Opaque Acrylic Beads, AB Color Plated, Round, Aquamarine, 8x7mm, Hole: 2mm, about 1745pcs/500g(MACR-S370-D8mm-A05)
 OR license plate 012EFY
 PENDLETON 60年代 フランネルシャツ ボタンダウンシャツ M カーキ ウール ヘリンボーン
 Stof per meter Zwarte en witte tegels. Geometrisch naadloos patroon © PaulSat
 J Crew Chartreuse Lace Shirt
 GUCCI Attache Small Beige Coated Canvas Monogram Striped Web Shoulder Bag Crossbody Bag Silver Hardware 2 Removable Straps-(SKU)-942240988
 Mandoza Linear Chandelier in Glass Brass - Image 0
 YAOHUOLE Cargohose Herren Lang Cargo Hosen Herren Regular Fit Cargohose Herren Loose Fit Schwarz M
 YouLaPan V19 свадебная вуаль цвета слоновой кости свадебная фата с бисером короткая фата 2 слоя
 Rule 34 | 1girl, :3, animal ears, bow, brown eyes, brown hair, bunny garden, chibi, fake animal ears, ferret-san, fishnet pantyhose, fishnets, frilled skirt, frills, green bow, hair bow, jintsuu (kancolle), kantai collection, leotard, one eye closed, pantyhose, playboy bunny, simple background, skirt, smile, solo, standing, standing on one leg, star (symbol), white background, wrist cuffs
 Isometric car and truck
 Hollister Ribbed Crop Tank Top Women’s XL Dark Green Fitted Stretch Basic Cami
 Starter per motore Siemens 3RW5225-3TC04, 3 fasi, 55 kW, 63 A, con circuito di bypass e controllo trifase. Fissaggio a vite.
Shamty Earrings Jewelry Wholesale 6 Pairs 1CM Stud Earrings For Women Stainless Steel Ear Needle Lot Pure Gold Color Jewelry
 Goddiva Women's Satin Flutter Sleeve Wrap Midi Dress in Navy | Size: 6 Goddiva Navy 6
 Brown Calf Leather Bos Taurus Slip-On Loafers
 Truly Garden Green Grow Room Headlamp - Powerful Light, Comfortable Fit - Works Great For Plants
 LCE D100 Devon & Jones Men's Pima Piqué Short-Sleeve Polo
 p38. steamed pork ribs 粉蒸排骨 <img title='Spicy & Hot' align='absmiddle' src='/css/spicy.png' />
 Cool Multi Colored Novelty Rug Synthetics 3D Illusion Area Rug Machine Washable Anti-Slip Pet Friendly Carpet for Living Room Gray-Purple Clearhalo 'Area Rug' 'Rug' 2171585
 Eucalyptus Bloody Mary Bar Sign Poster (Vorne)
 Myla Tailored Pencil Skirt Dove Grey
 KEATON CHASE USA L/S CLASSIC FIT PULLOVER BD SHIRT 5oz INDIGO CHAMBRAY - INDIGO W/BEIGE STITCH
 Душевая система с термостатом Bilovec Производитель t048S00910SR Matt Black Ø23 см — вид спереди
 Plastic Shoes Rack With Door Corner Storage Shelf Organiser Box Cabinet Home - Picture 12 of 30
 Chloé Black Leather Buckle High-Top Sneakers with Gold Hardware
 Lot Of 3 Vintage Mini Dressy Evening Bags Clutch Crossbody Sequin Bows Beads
::::
Restate, word for word, the listing above from its first line through the line that contains "Mandoza Linear Chandelier", keeping both of those lines.

**REPLY TO THE EXERCISE:**
Opaque Acrylic Beads, AB Color Plated, Round, Aquamarine, 8x7mm, Hole: 2mm, about 1745pcs/500g(MACR-S370-D8mm-A05)
 OR license plate 012EFY
 PENDLETON 60年代 フランネルシャツ ボタンダウンシャツ M カーキ ウール ヘリンボーン
 Stof per meter Zwarte en witte tegels. Geometrisch naadloos patroon © PaulSat
 J Crew Chartreuse Lace Shirt
 GUCCI Attache Small Beige Coated Canvas Monogram Striped Web Shoulder Bag Crossbody Bag Silver Hardware 2 Removable Straps-(SKU)-942240988
 Mandoza Linear Chandelier in Glass Brass - Image 0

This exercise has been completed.